On the periphery of Rome, not far from the Vatican, stands a towering obelisk named for Benito Mussolini, Italy’s fascist dictator and ally of Adolf Hitler. On a recent visit to the city, my taxi driver knew exactly where it was and found nothing remarkable about a request to go there.
The Mussolini Obelisk, standing watch over the Foro Italico sports complex, served as the starting point for my atypical tour of the Eternal City’s “fascist architecture.” At the very outset, our tour group asked our guide: Why has the Mussolini Obelisk not been removed from what appears to be a place of honor?
For an American visitor, it was the obvious question.

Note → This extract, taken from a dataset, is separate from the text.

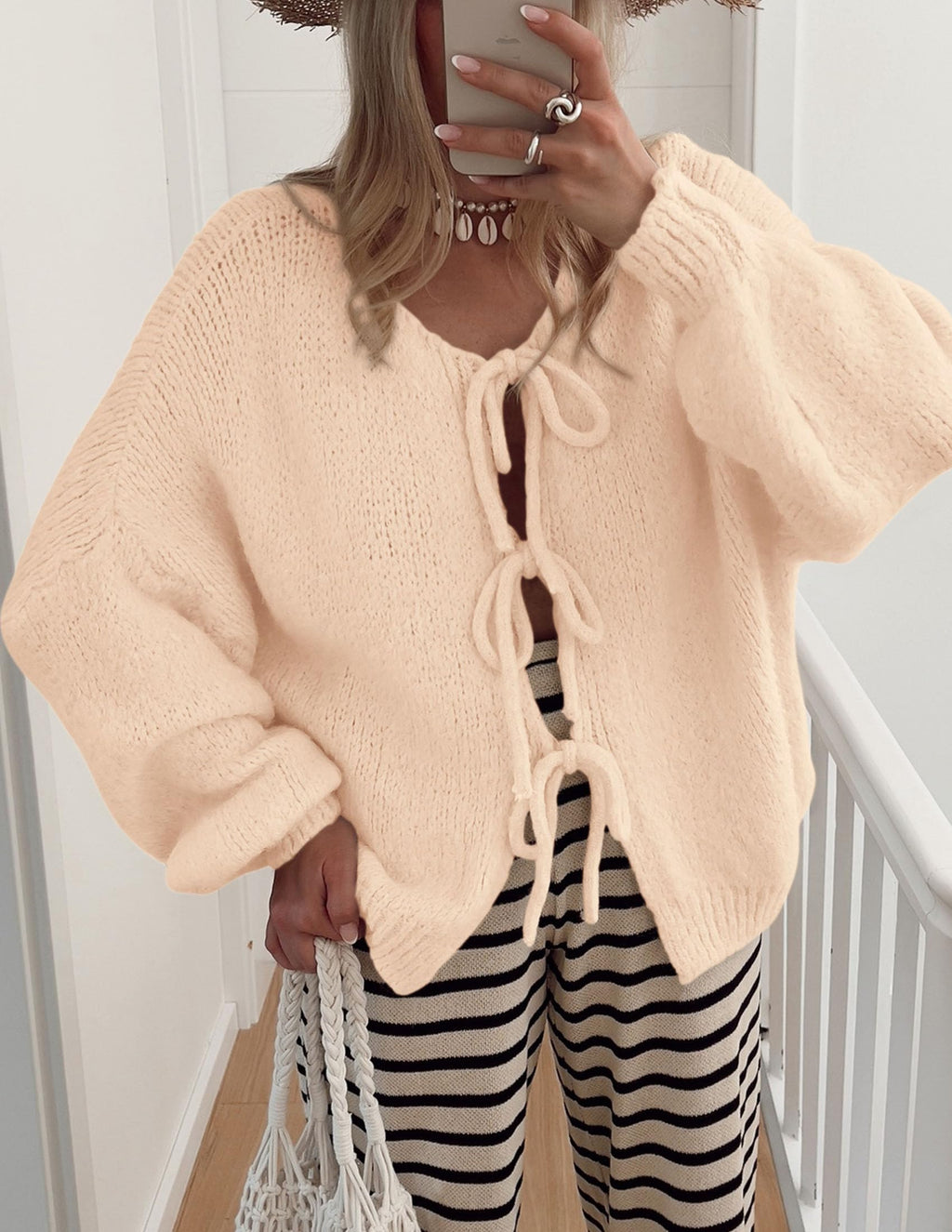 PRETTYGARDEN Women's Tie Front Bow Cardigan Sweaters Chunky Knit Long Puff Sleeve Trendy Fall Winter Jacket Coat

We have become accustomed to the removal of the likenesses of Confederate generals and even Christopher Columbus from public places. But it was not a difficult question for our guide to answer: “In Italy, we view it as history.” Efforts to remove it had fizzled.

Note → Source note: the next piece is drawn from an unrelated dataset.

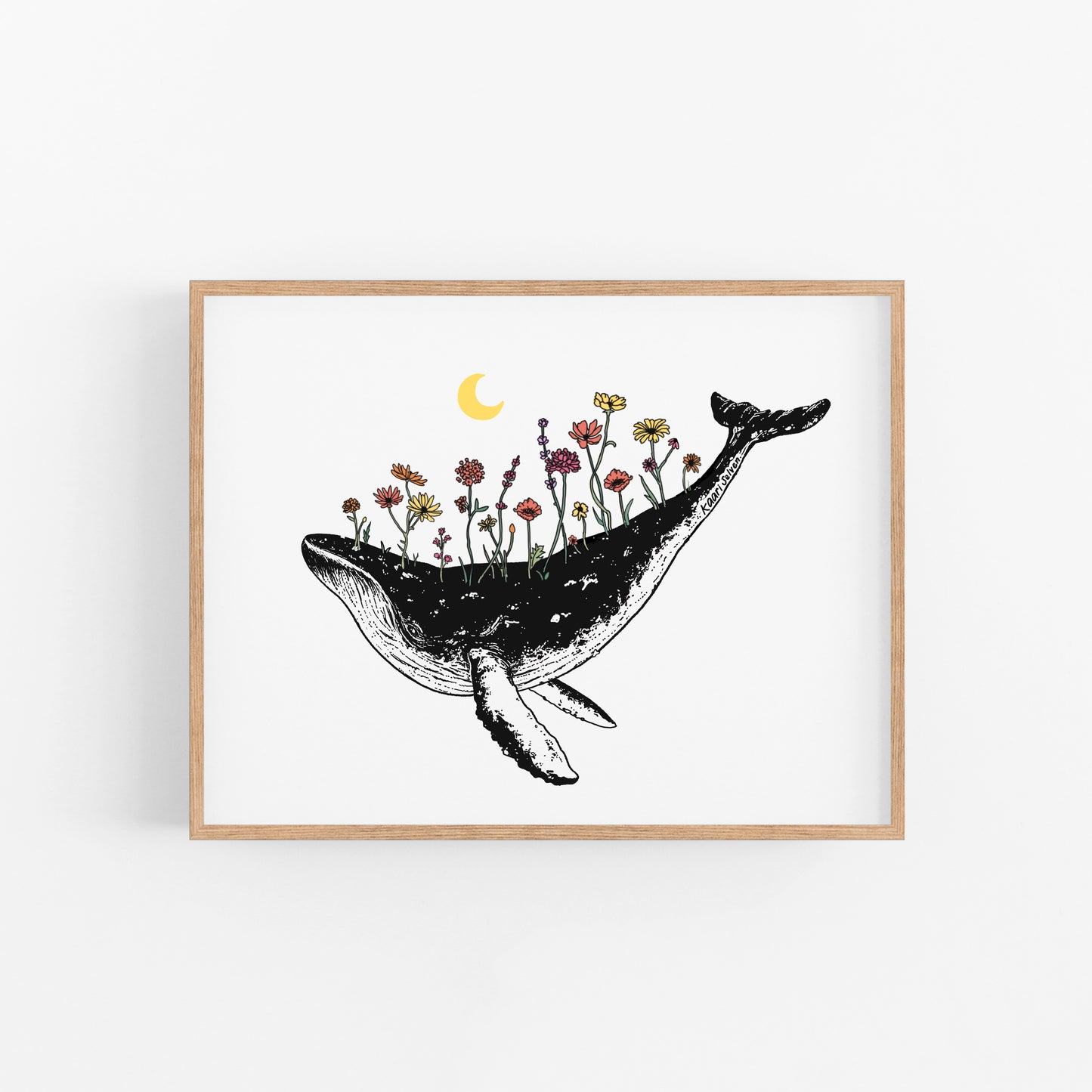 Floral Whale Art Print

The loss that comes from laundering the past was made clear to us in the historical lesson our tour group received that day—a lesson that would have been impossible if cancel culture, American-style, had prevailed. Over more than four hours, the reminders—and remainders—of “Il Duce” served as a point of entry to a history that underscored why we view Mussolini as an historic villain. At the same time, they provided a series of clues to help answer the question that prompted me to book the tour in the first place: How was it that the country of the Renaissance, of great art and great literature, had veered so far off course as to help enable the Holocaust?